§ **PROBLEM**
Repeat the data below in full. Pictures must not be part of the copy.

§ **DATA PROVIDED**
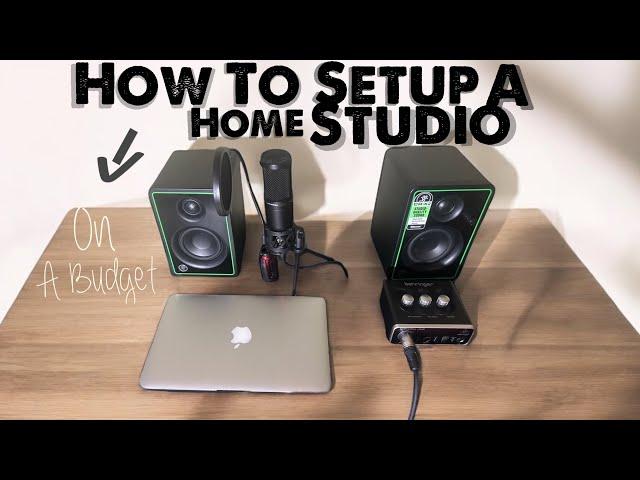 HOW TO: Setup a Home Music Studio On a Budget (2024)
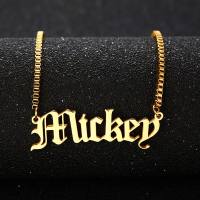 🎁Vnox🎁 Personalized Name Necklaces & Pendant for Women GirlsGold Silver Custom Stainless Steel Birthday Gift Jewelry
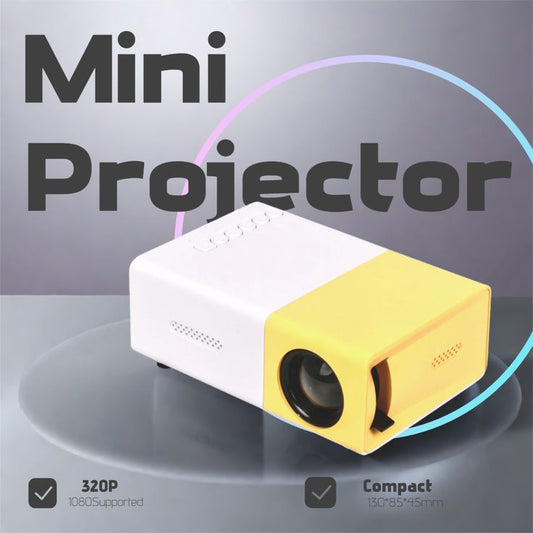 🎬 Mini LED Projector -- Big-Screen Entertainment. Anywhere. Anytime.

§ **OUTPUT BELOW**
 HOW TO: Setup a Home Music Studio On a Budget (2024)
 🎁Vnox🎁 Personalized Name Necklaces & Pendant for Women GirlsGold Silver Custom Stainless Steel Birthday Gift Jewelry
 🎬 Mini LED Projector -- Big-Screen Entertainment. Anywhere. Anytime.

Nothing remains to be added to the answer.